As for other brands you may want to try, here's a list:
- Yamaha (within the last 20 years)
- Jupiter (within the last 20 years) (yes, they make non-student-level instruments)
- Trevor James
I want to make special mention of a brand that we sold in our store: Di Zhao. Don't be put off by the fact that it's a Chinese instrument. The price-to-sound-quality ratio of these flutes is, in my opinion, unmatched by any other flute brand. In other words, there are better-sounding flutes, and there are less-expensive flutes, but you're not going to find a better-sounding flute at the prices that you'll find Di Zhao.

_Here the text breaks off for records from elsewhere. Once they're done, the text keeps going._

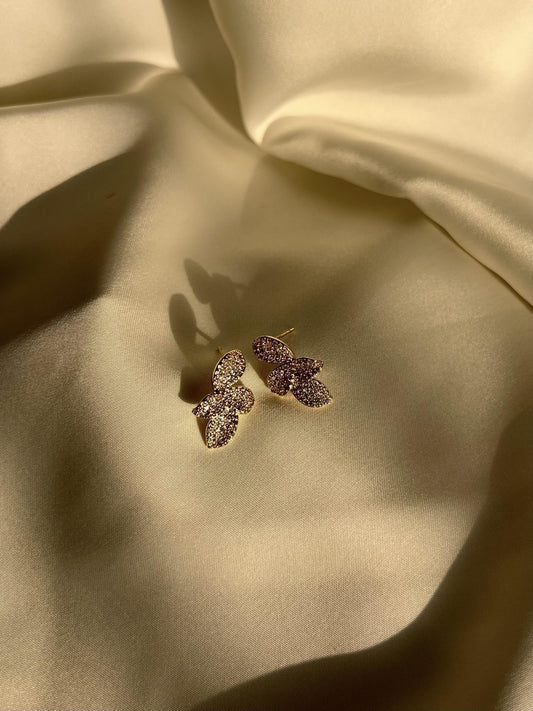 Leafy Diamond Stud Earrings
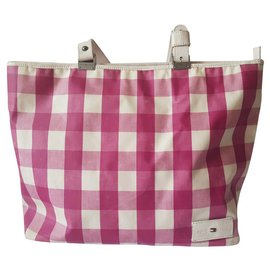 Borsa Tommy Hilfiger Tartan Rosa e Bianco PVC
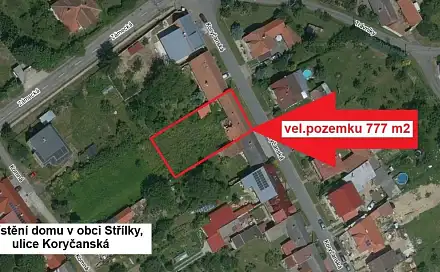 Prodej stavebního pozemku 777 m², Střílky, okres Kroměříž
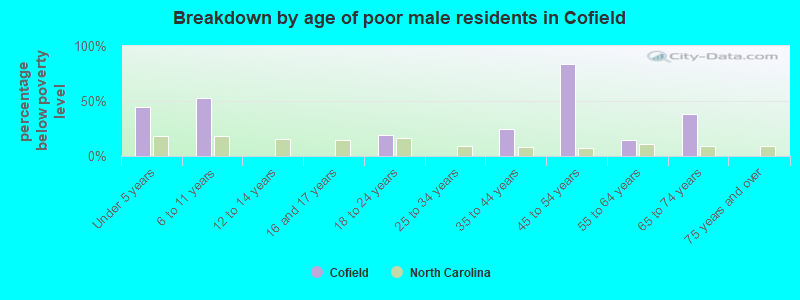 Breakdown by age of poor male residents in Cofield
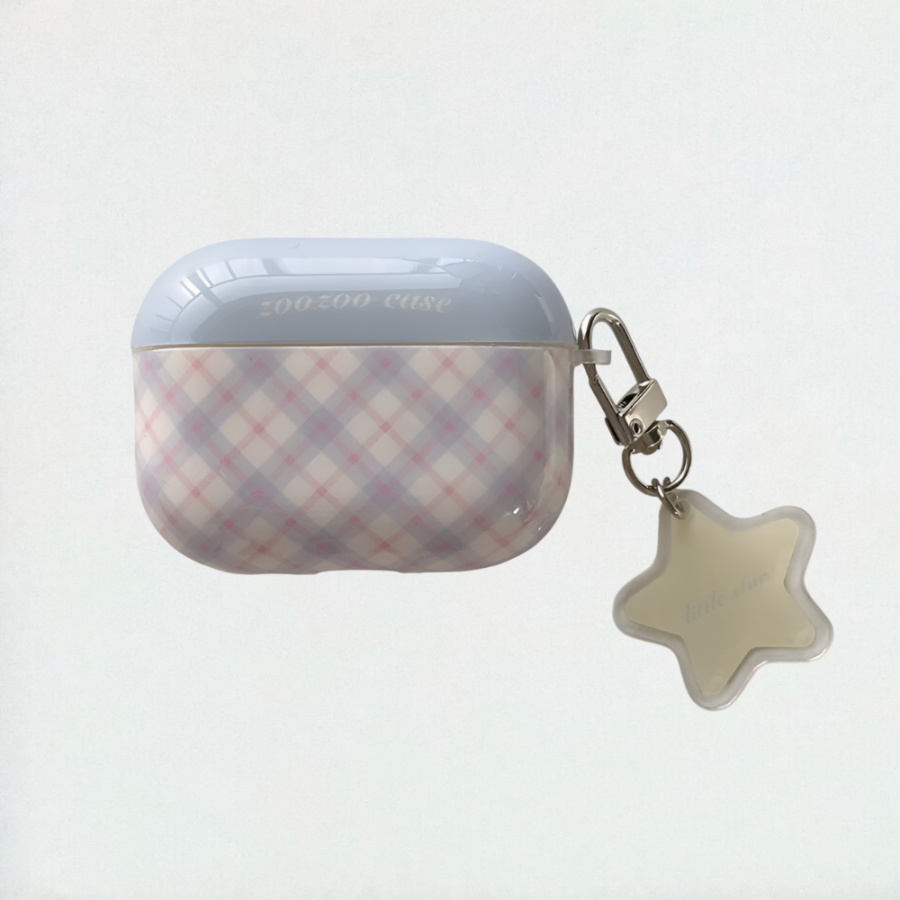 Cute Purple & Blue Gingham AirPods Case with Star Charm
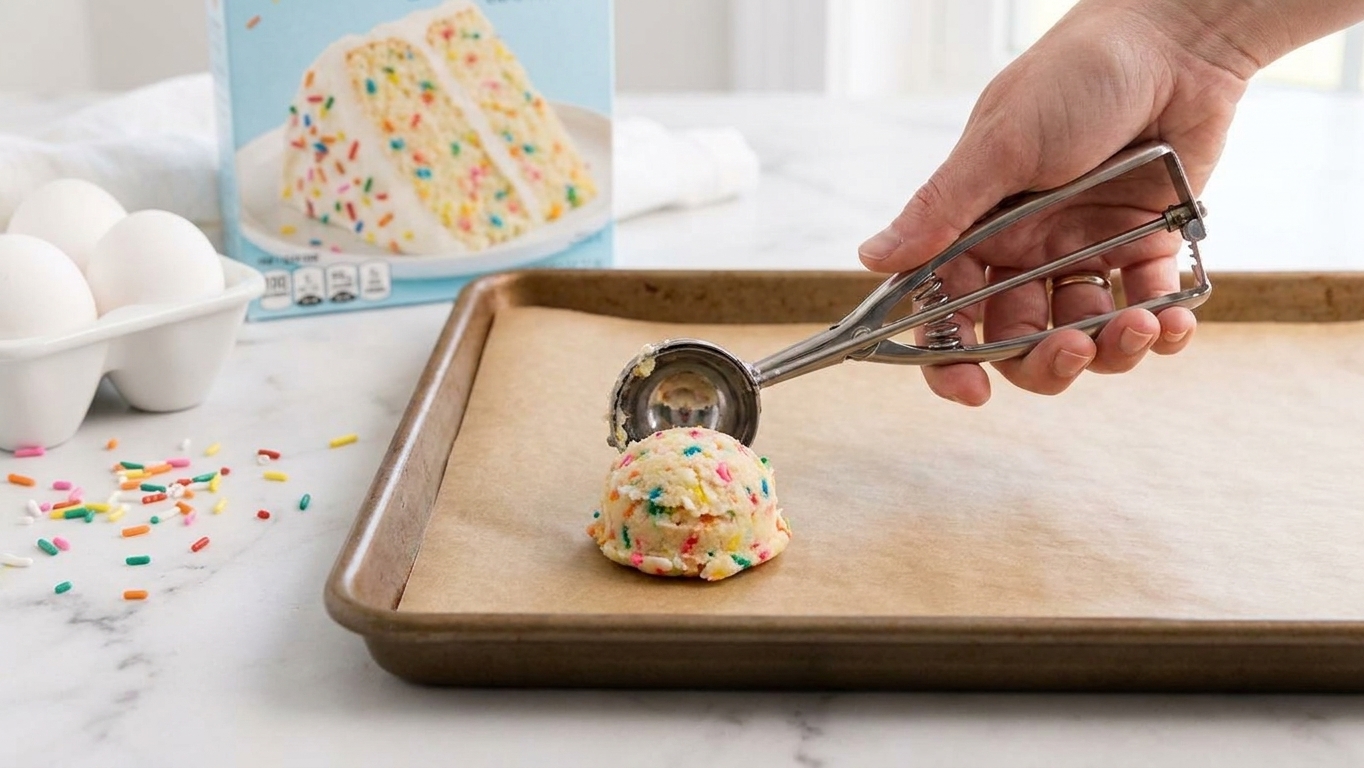 A hand using a cookie scoop to portion cake mix cookie dough onto a parchment-lined baking sheet on a kitchen counter
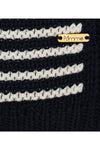 Black With White Strips Knitted Cotton Throw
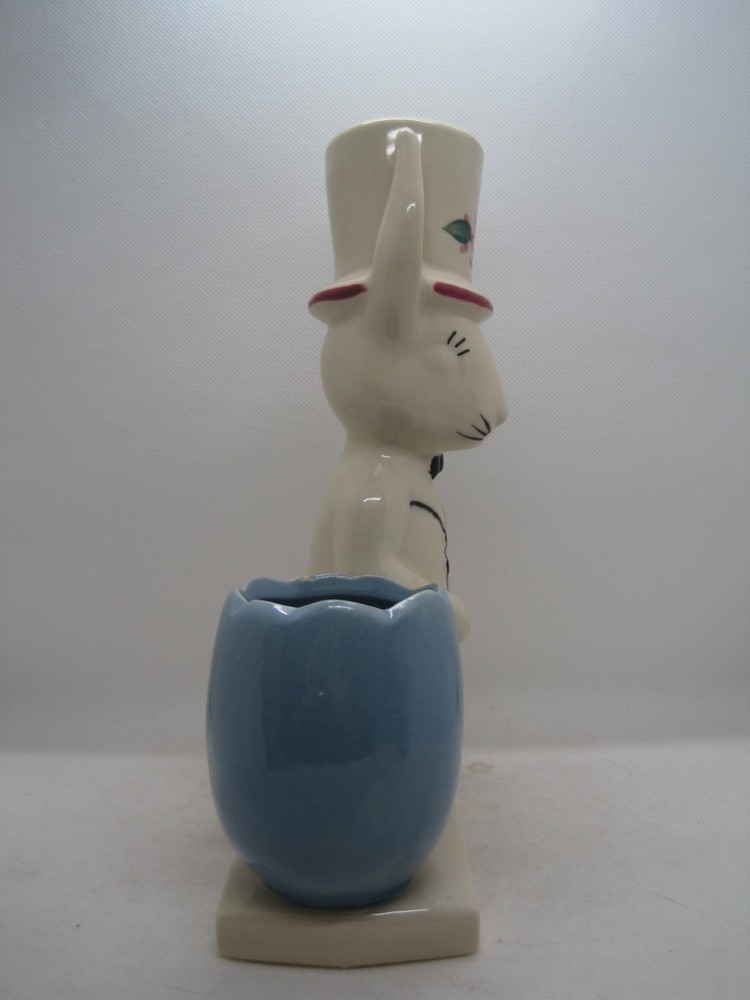 Morton Pottery Ceramic Easter Bunny Rabbit Top Hat Blue Egg Planter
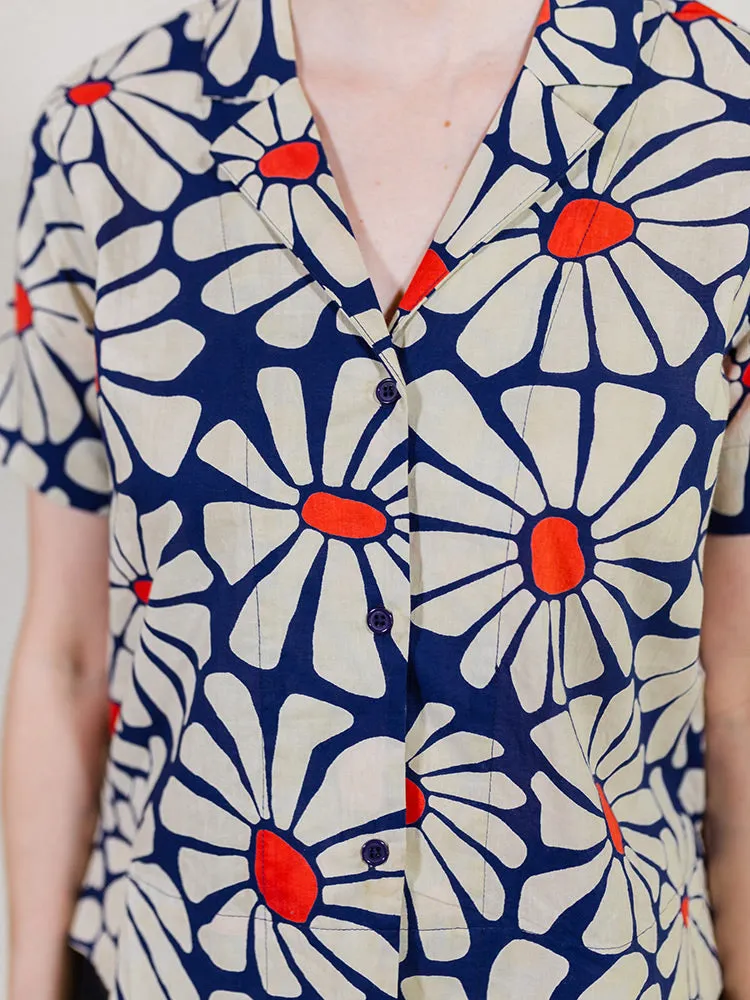 Camp Shirt - Navy Floral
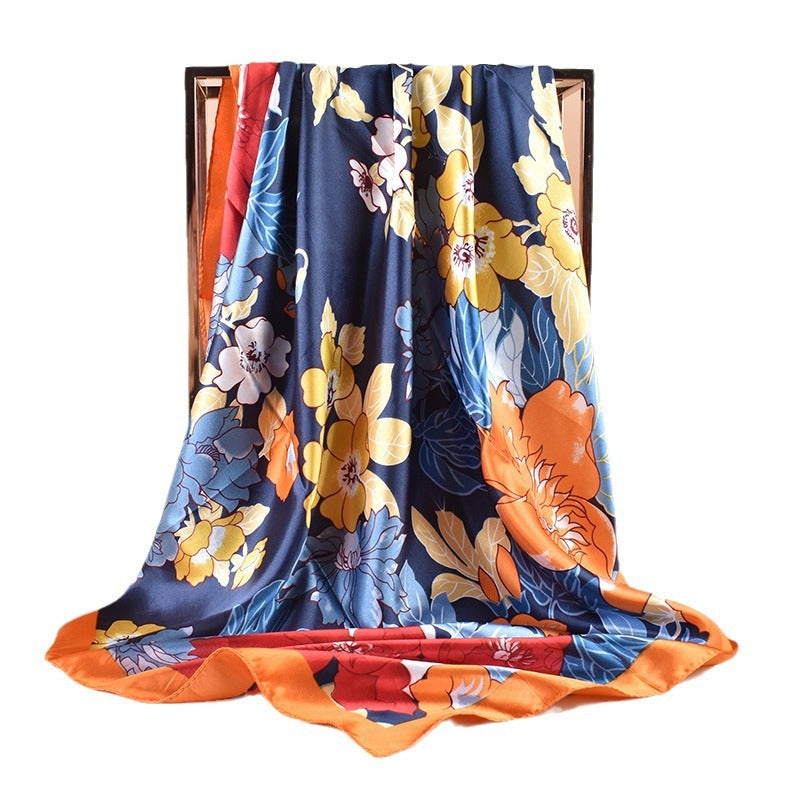 Spring new sweet flower simulation silk printing silk scarf head scarf 90 color diced light luxury square scarf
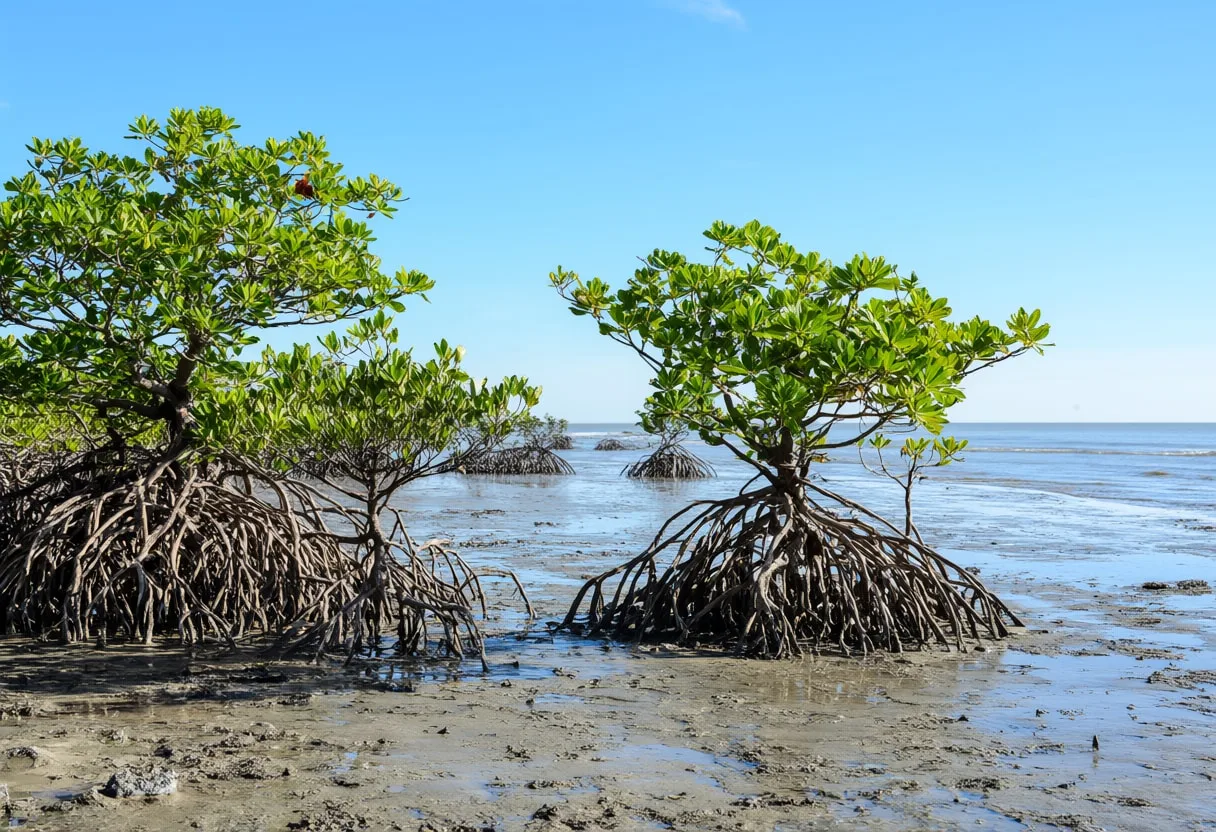 Mangrove Roots ที่ Low Tide ในฤดูหนาว Digital Illusion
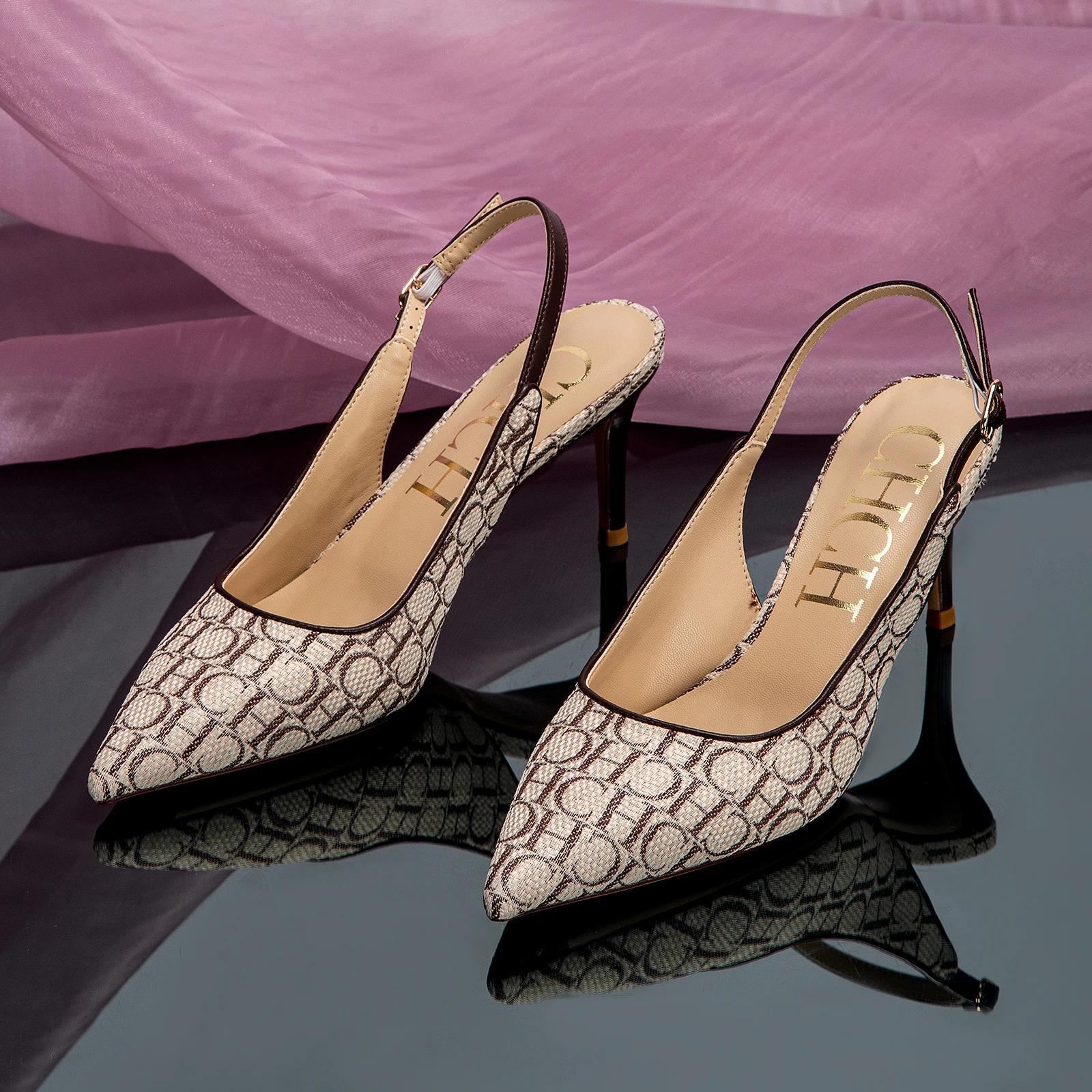 CHCH-Sandales à Talons Hauts de 7cm pour Femme, Chaussures de Soirée de Mariage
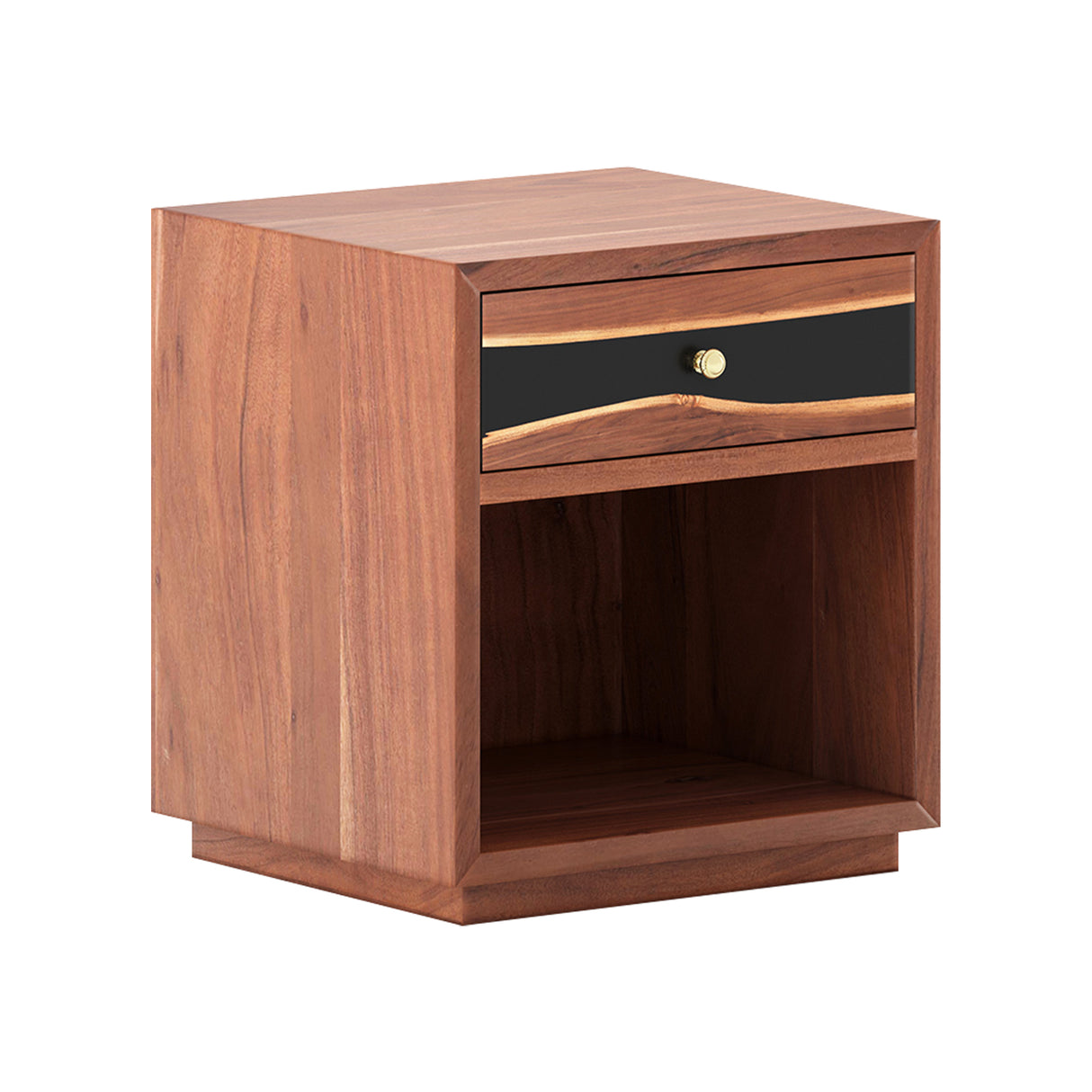 Close-up of Walnut Epoxy Nightstand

I would be surprised if the problem was your flute. Leaking pads, the most common issue, will kill your low register but often don't affect the high register as much. (Check that the headjoint cork is in the right place though.)
Carl's answer is good; I have some details I'd like to add:
In general, a high register that sounds bad is probably due to too much tension in your embouchure and airway. It's pretty natural to tighten up and close your throat when reaching for those high notes, but that doesn't help and will make for a shrill, breathy, unpleasant sound.
Practicing harmonics can help. An exercise I learned recently, that has really helped my high register become more open and pure, goes something like this:
Play a long tone on low D. Try to get the note sounding as full and resonant as possible, which means you'll create lots of space inside your mouth and throat.
Now, WITHOUT MOVING OR CHANGING ANYTHING, not your fingers or your embouchure, try to play up the octave to middle D. It's possible - the trick is to just slightly increase the pressure of your airstream. Engage those core muscles and use your diaphragm!
Once your harmonic middle D is secure, try for the A above that, then the 3rd octave D.
If you need to "cheat", use your lower lip to do so. Everything else stays put. The point is to practice maintaining that space inside your mouth and throat.
Try other notes for your fundamental, and practice them the same way - slowly work your way up the harmonic series, as far as you can go without tensing or forcing anything.
Hopefully that will help, but a good teacher will be able to offer you more specific and personalized advice, seek one out if you can.